Caso seja aprovada em definitivo e sancionada pelo prefeito Sandro Mabel (União Brasil), a lei vai permitir que a prefeitura realize contratos de cessão onerosa de direito de uso do nome. Os contratos terão prazo determinado e poderão ser celebrados com empresas que estejam em dia com as legislações federal, estadual e municipal.

O texto permite ainda o direito de explorar denominações de terminais, de eventos e de equipamentos públicos municipais com atividades voltadas à saúde, à cultura, à educação, à assistência social, à mobilidade urbana, à promoção de investimentos, ao meio ambiente, ao esporte, ao lazer e à recreação.

Uma emenda apresentada em plenário pelo vereador Denício Trindade (União Brasil) também acrescenta atividades relacionadas ao desenvolvimento e à decoração natalina entre as que podem ter denominações exploradas por meio da cessão onerosa de direito de uso do nome.

Mais investimentos para Goiânia

De acordo com o autor da proposta, a modalidade de cessão onerosa já acontece em São Paulo e no Rio de Janeiro.
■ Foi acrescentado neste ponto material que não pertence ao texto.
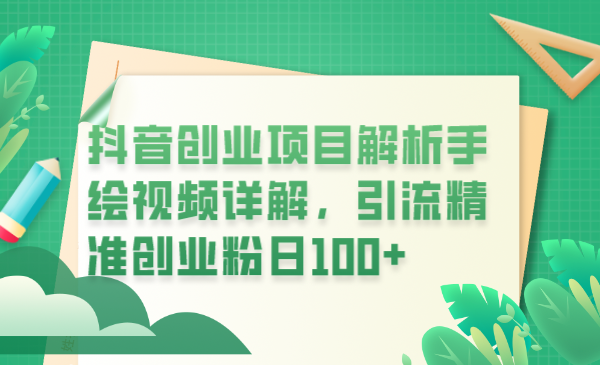 【副业项目6175期】抖音创业项目解析手绘视频详解，引流精准创业粉日100+-聚英社副业网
Essas cidades conseguem arrecadar até R$ 2 milhões por ano com a medida. Como contrapartida à celebração de contrato com o município, a empresa investirá em melhorias – previstas em edital – nos equipamentos públicos que receberem anúncio publicitário.

O parlamentar cita os exemplos das concessões dos naming rights em estações de metrô em São Paulo, que geram receitas de até R$ 200 mil mensais nos contratos de 10 estações.

Hoje, são 10 estações paulistas com “sobrenome” e cessão onerosa do nome:

Saúde – Ultrafarma (Linha 1-azul)
Carrão – Assai Atacadista (Linha 3-vermelha)
Penha – Lojas Besni (Linha 3-vermelha)
Paulista – Pernambucanas (Linha 4-amarela)
Jurubatuba – Senac (Linha 9-esmeralda)
Morumbi – Claro (Linha 9-esmeralda)
Lapa – Senac (Linha 8-diamante)
Vergueiro – Sebrae (Linha 1-Azul)
Berrini – Casas Bahia (Linha 9-Esmeralda)
Adolfo Pinheiro – Unisa (Linha 5-Lilás)

Em Nova York, a arrecadação é ainda maior: um contrato assinado no final de 2009 permitiu a inclusão do nome do Banco Barclays, por US$ 200 mil por ano – R$ 1 milhão, conforme a conversão atual.

“Nossa proposta é dar aval para o município de Goiânia ter mais recursos destinados à realização de obras e à atualização de equipamentos públicos. A partir dessa condição para comercialização dos naming rights, será gerada mais uma fonte de receitas para Goiânia, como já acontece, por exemplo, em relação às publicidades em ônibus e mostram que é possível arrecadar e trazer mais recursos para a cidade”, explicou.